══ MATERIALS PROVIDED
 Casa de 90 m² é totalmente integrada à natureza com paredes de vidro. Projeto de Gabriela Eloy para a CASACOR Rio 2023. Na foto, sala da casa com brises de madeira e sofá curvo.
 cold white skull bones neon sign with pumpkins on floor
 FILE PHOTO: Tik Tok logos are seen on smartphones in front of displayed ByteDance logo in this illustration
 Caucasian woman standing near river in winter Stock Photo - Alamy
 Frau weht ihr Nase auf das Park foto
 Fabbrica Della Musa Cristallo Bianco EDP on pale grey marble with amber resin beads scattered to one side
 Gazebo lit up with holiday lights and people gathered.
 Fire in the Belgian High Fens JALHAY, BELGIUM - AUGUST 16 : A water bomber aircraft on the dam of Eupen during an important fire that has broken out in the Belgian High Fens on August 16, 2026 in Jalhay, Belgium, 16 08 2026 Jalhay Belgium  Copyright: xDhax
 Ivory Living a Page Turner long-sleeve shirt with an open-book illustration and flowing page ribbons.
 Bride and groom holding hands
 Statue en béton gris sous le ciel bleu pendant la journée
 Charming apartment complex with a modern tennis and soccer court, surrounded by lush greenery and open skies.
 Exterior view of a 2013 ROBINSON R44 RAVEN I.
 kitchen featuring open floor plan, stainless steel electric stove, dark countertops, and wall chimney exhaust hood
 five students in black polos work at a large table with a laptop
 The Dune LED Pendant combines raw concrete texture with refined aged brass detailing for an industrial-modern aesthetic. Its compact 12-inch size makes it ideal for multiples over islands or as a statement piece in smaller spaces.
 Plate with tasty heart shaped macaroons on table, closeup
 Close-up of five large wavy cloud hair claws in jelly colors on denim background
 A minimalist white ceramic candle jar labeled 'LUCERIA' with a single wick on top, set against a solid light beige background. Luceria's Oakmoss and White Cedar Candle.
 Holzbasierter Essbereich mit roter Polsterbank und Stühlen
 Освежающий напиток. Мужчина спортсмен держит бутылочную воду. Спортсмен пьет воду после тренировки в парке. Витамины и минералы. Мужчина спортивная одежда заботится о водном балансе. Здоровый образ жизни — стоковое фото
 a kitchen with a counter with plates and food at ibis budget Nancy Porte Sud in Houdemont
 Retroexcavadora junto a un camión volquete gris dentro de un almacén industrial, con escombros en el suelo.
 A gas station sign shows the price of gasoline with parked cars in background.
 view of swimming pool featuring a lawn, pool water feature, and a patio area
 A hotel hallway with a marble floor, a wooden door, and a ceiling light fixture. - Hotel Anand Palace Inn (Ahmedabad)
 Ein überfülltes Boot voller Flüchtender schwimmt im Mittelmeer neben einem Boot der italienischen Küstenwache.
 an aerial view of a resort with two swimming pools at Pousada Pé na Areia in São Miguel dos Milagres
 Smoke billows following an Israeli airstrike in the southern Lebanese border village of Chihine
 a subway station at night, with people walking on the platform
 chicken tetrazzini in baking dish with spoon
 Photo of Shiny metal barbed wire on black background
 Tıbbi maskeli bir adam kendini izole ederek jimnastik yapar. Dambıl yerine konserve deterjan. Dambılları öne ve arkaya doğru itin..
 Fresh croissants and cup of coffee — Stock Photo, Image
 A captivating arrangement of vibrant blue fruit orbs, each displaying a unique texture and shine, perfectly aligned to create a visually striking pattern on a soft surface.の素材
════
• _PROBLEM TO WORK ON_
Look through the data above for the string "large" and copy every line where it appears.

• _OUTPUT_
 five students in black polos work at a large table with a laptop
 Close-up of five large wavy cloud hair claws in jelly colors on denim background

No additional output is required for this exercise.